A characteristic and consistent feature of the murine response to sensitization and short-term airway allergen challenge is the development of AHR in response to inhaled MCh. Changes in lung function, measured in a variety of ways, have been demonstrated in both BALB/c and C57BL/6 mice. Although there are strain-related differences in the extent, for example, of changes in lung resistance versus compliance (24), or MCh reactivity (24, 25), AHR remains a consistent outcome of sensitization and short-term airway challenge. Extending airway challenge with the addition of four or eight more exposures over an additional 2 to 4 wk resulted in a marked attenuation of AHR in both strains of mice. In BALB/c mice, AHR was virtually abolished after seven challenges, whereas C57BL/6 mice showed a progressive decrease in AHR with increasing challenges. These decreases in AHR were observed throughout the MCh dose–response curve and in measures of both RL and Cdyn.

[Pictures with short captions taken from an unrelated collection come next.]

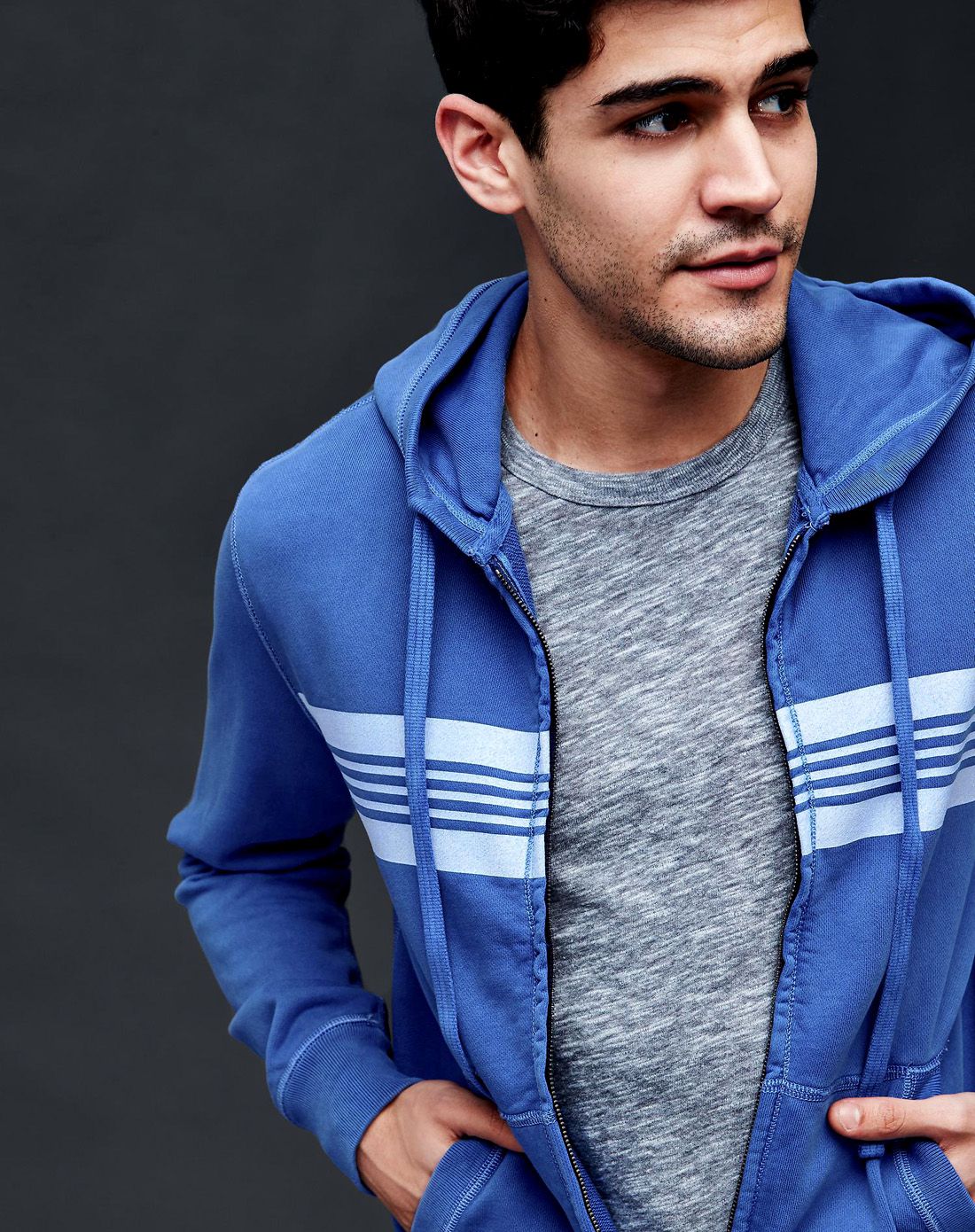 盖璞gap纯棉毛圈活力局部条纹连帽卫衣238820brilliant blue_唯品会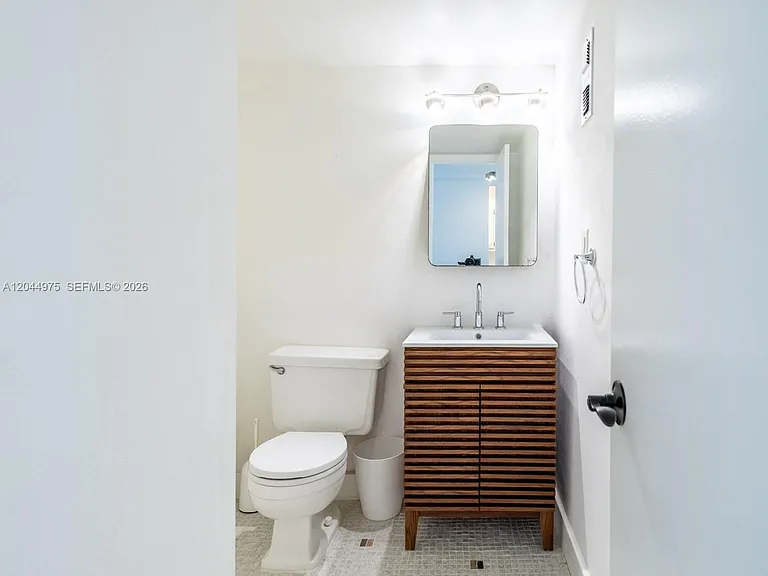 6900 Bay Dr #6H — Photo 13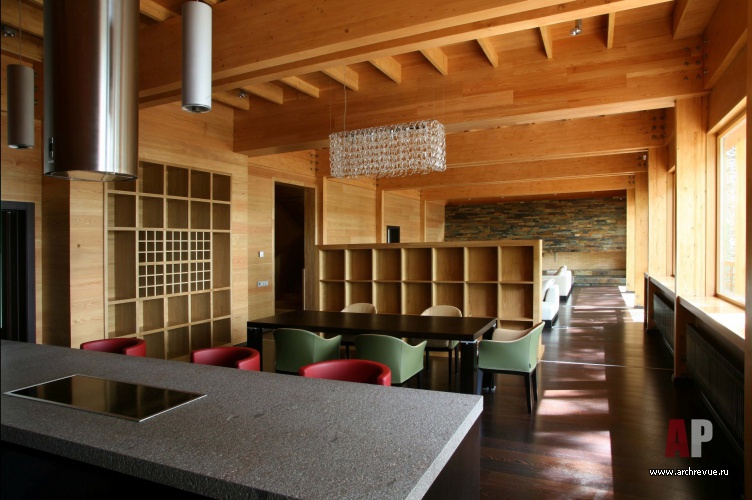 Фото интерьера гостиной двухэтажного деревянного дома в эко стиле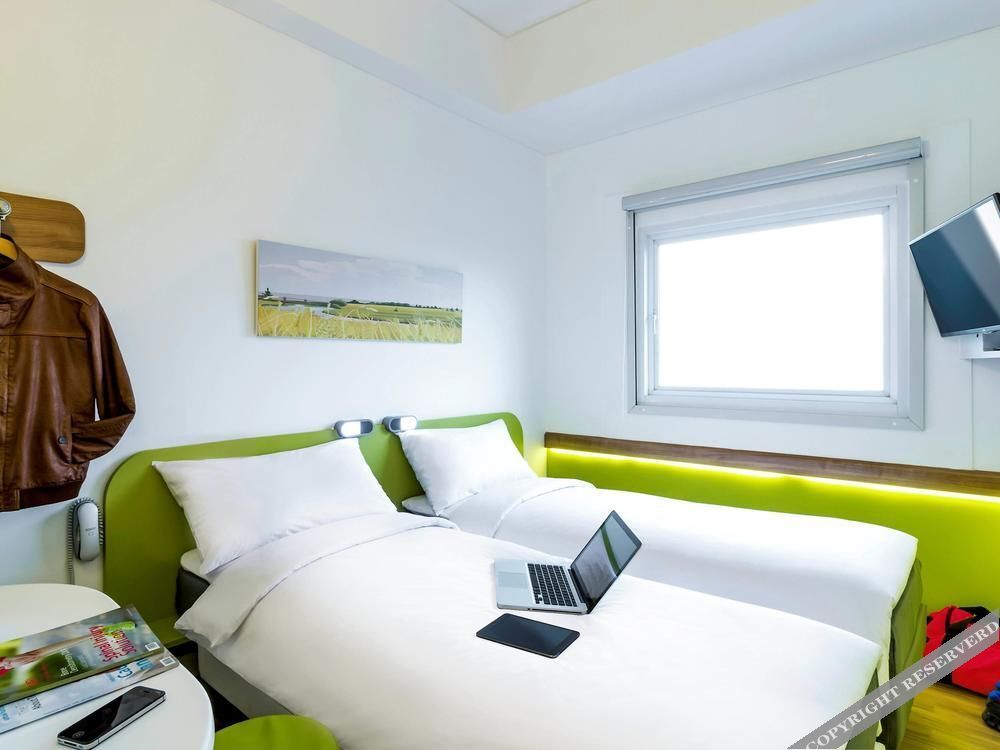 Сурабая: Ibis Budget Surabaya HR Muhammad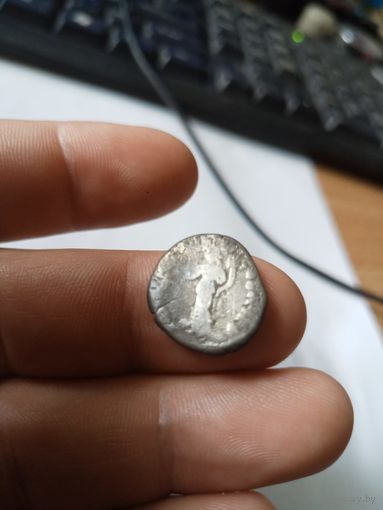 15 Римская империя,денарий серебро Антоний Пий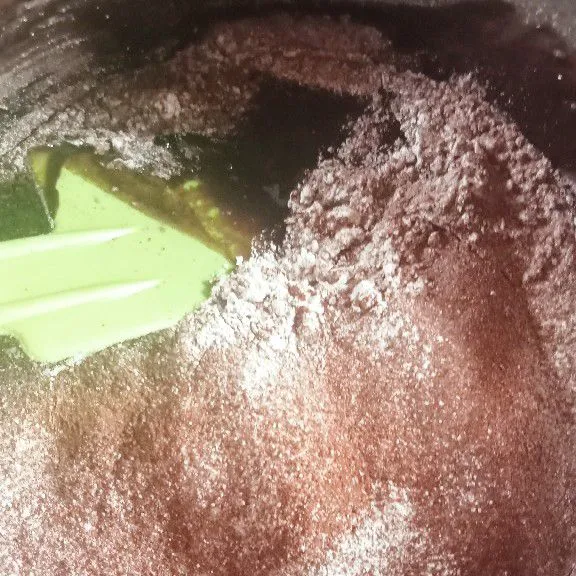 Kemudian masukkan cokelat bubuk, tepung dan garam sambil diayak, aduk rata. Adonan nanti akan terasa berat.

These significant decreases in AHR occurred despite the maintenance of a significant increase in numbers of BAL fluid and lung tissue eosinophils through seven inhalation challenges with allergen. At face value, the data suggest the absence of a correlation between lung and BAL fluid eosinophilia and persistence of AHR. By 11 challenges, this dissociation was no longer apparent, as airway function normalized. The role of eosinophils in AHR is controversial in many species, including humans (29, 30) and mice (31, 32). Even after sensitization and short-term challenge, discrepancies have been reported (33). We and others (31, 34) have suggested that eosinophils and IL-5 are linked to AHR, in contrast to another report (35), at least when sensitization is followed by limited airway challenge (one to three intranasal or nebulized challenges). Moreover, with respect to the temporal sequence of these events, lung tissue eosinophilia has been better correlated with AHR than BAL fluid eosinophil numbers (24). Exceptions to the association of AHR and BAL fluid eosinophilia may be attributed to differences in the challenge protocol and readouts of lung function (36), although the exact reason(s) remain unclear. In a previous study, we also demonstrated that after secondary challenge, the role of eosinophils in the development of AHR became more complicated, and, to some extent, eosinophil independent (37).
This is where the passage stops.